• [The problem] For this exercise, output the entries below exactly from the line that holds "A bathroom with" to the line that holds "Grupo de viajantes", both ends included. No pictures belong in the copy.
────────────────
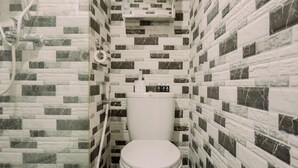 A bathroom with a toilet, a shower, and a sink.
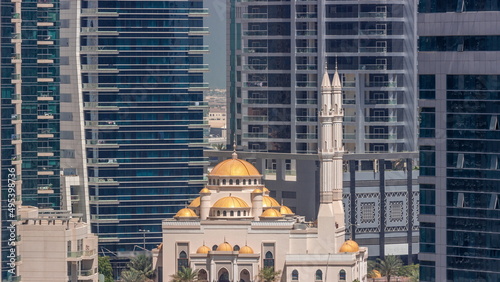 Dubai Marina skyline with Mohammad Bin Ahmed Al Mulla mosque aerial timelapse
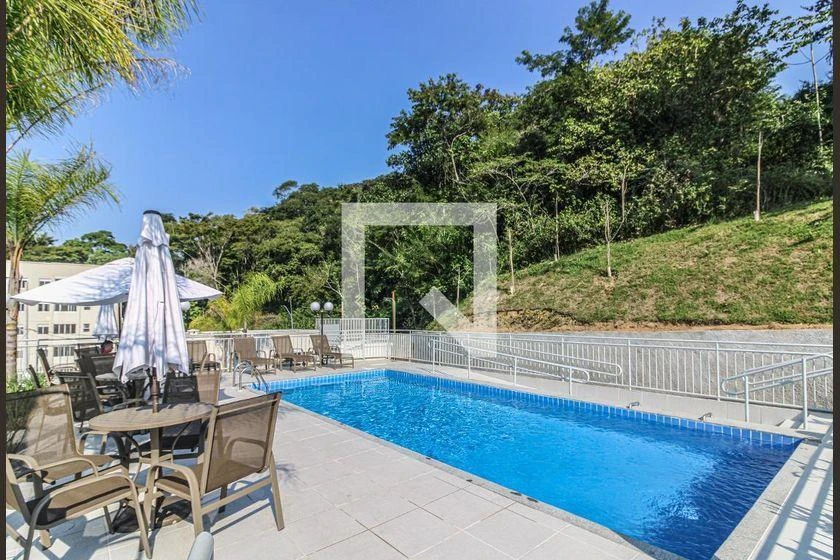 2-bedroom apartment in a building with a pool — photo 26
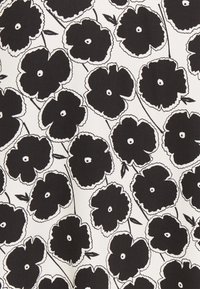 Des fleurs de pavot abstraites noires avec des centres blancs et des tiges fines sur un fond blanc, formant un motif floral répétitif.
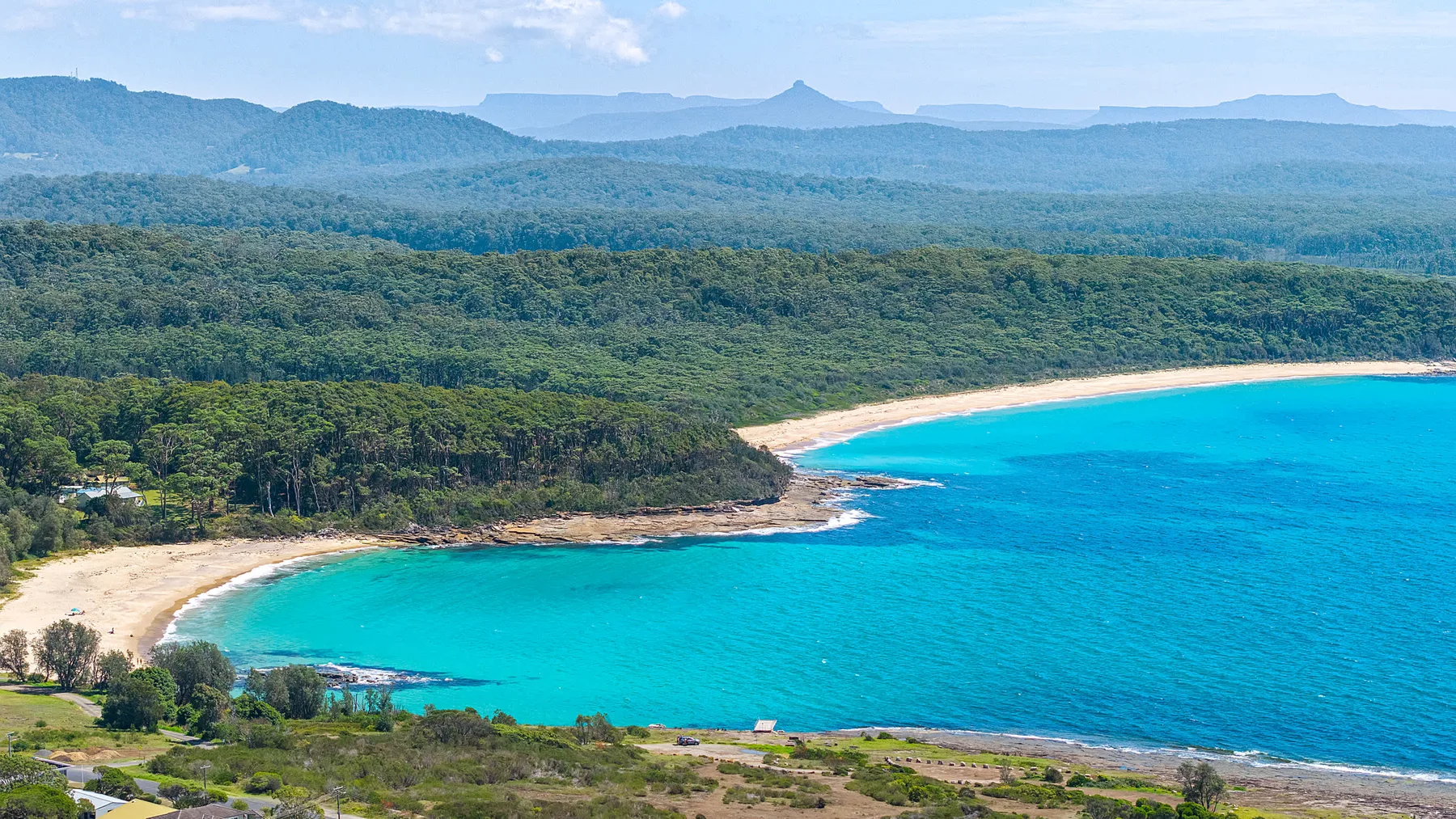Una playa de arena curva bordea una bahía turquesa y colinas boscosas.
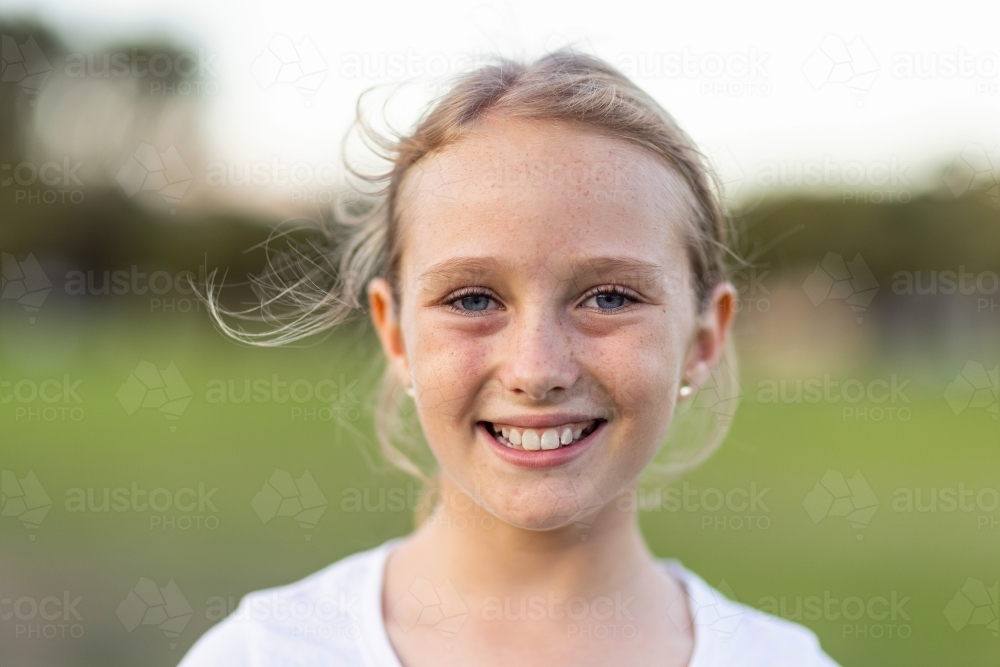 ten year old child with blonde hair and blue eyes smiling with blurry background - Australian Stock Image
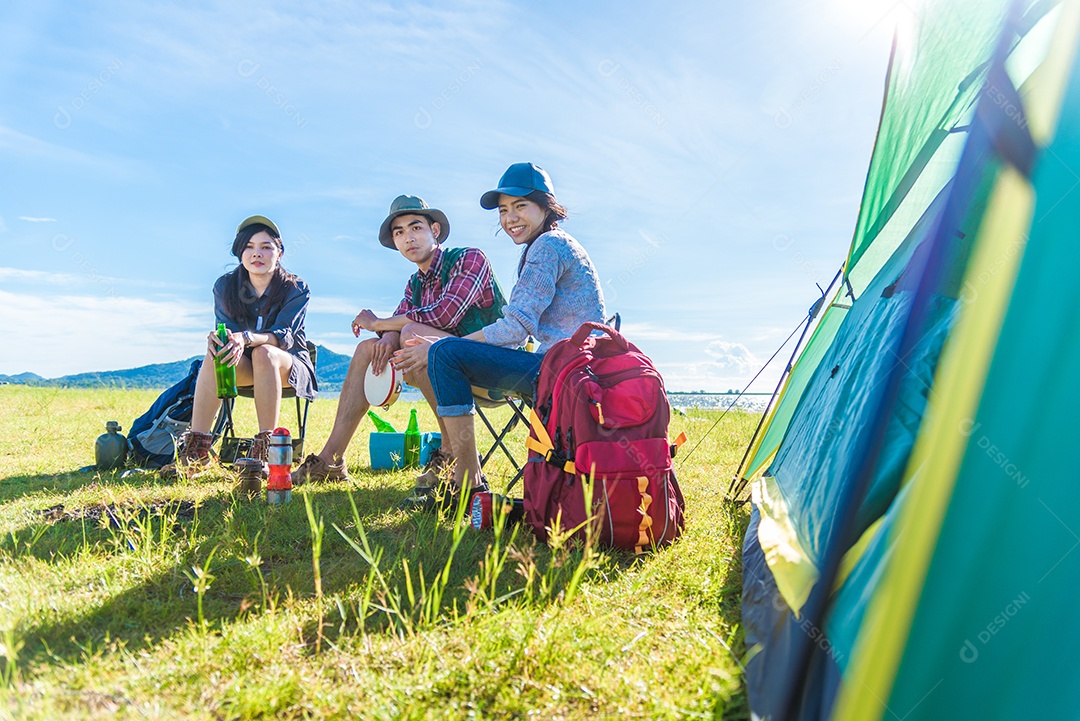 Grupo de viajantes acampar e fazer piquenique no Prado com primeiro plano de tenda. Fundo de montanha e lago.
────────────────
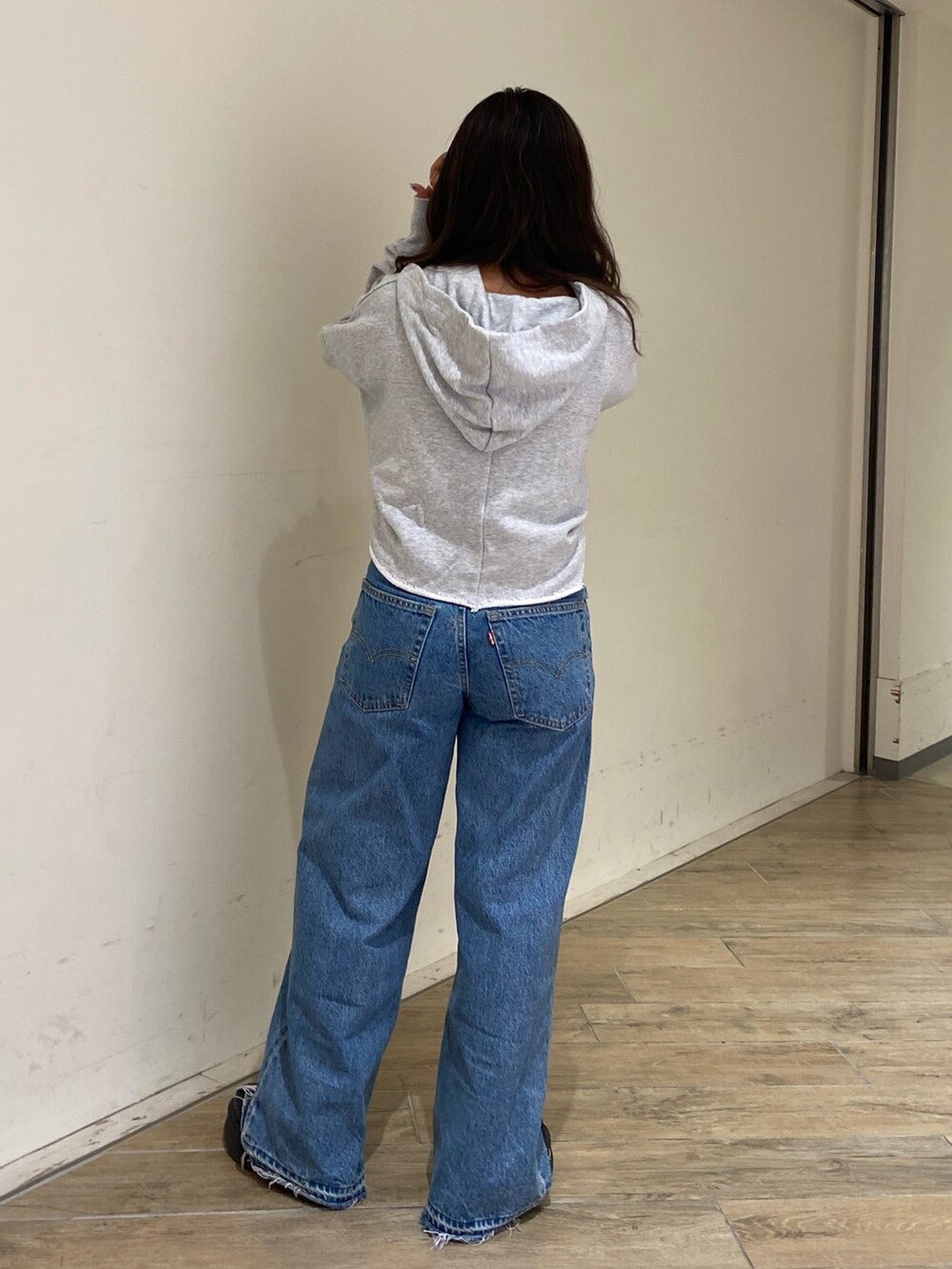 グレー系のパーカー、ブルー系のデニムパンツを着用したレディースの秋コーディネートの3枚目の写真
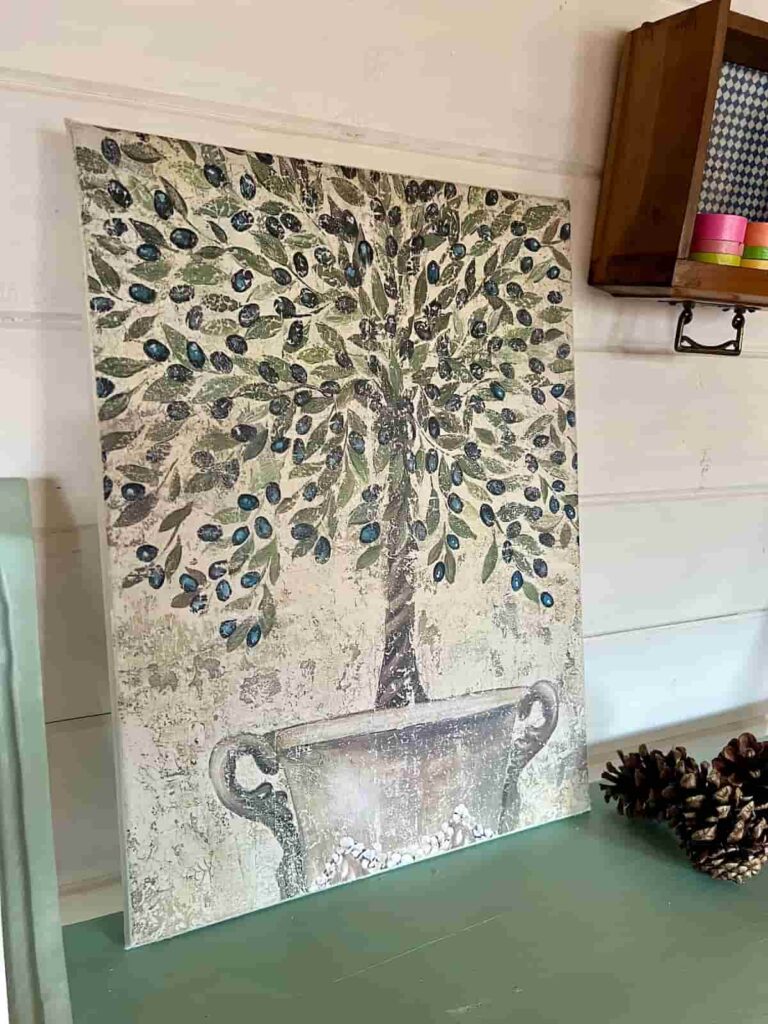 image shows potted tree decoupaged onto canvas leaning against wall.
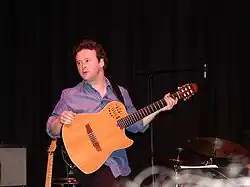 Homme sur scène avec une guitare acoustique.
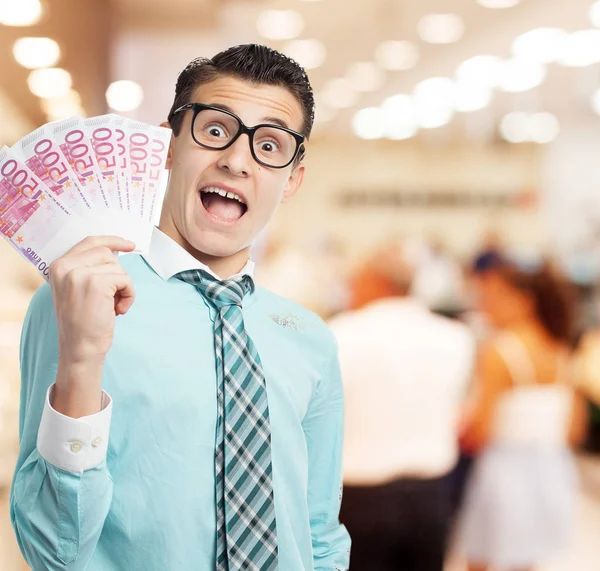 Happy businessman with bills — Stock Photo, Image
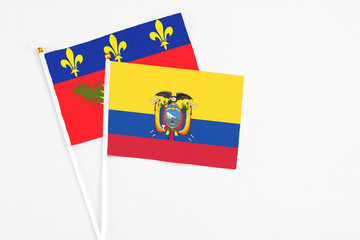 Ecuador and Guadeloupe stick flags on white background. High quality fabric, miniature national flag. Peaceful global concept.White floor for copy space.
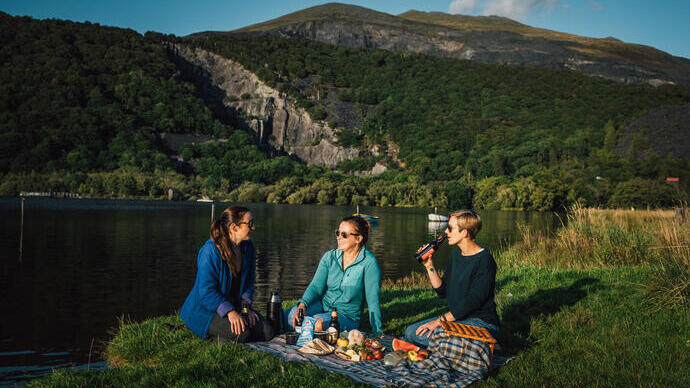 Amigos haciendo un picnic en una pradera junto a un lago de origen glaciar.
────────────────
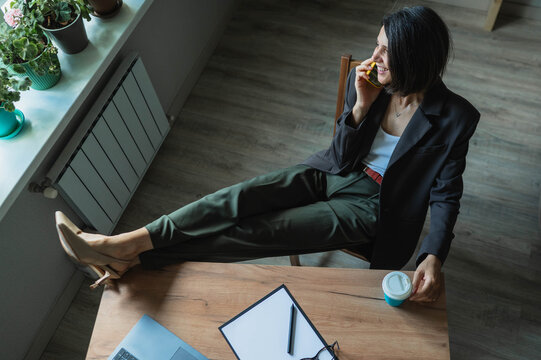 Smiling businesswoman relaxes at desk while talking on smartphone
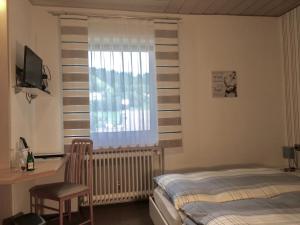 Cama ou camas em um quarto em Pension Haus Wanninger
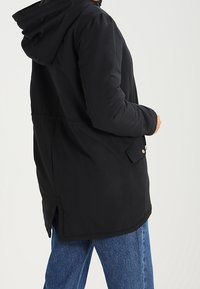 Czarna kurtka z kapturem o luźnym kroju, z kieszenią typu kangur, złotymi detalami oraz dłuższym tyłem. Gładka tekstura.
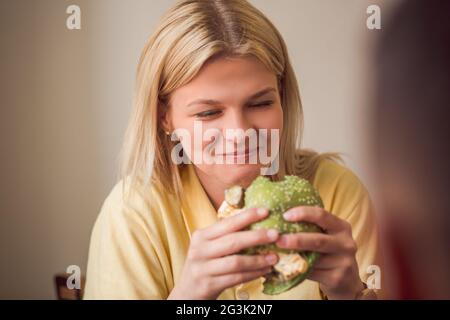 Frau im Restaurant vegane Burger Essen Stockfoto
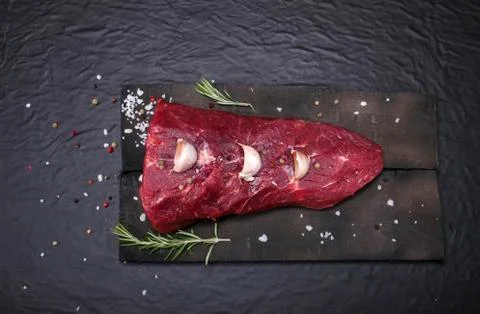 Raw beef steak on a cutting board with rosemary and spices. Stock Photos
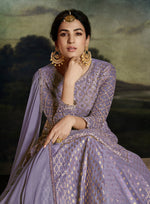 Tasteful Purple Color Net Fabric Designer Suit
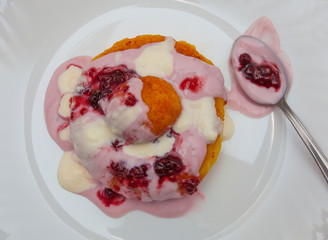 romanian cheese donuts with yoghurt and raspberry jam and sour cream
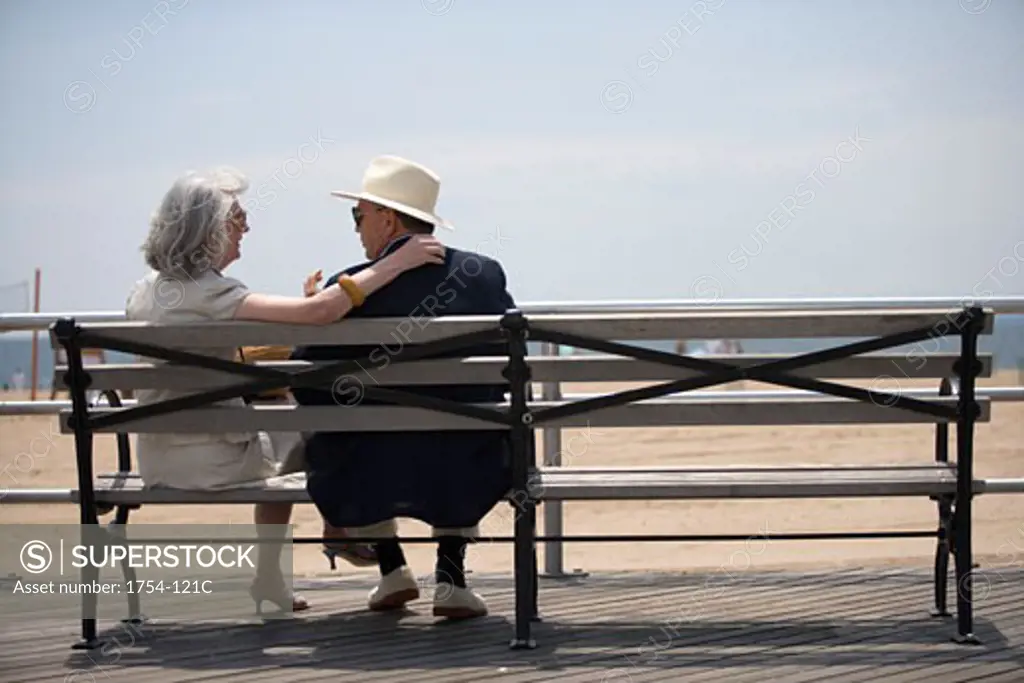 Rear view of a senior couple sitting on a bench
────────────────
• [Task output]
 A bathroom with a toilet, a shower, and a sink.
 Dubai Marina skyline with Mohammad Bin Ahmed Al Mulla mosque aerial timelapse
 2-bedroom apartment in a building with a pool — photo 26
 Des fleurs de pavot abstraites noires avec des centres blancs et des tiges fines sur un fond blanc, formant un motif floral répétitif.
Una playa de arena curva bordea una bahía turquesa y colinas boscosas.
 ten year old child with blonde hair and blue eyes smiling with blurry background - Australian Stock Image
 Grupo de viajantes acampar e fazer piquenique no Prado com primeiro plano de tenda. Fundo de montanha e lago.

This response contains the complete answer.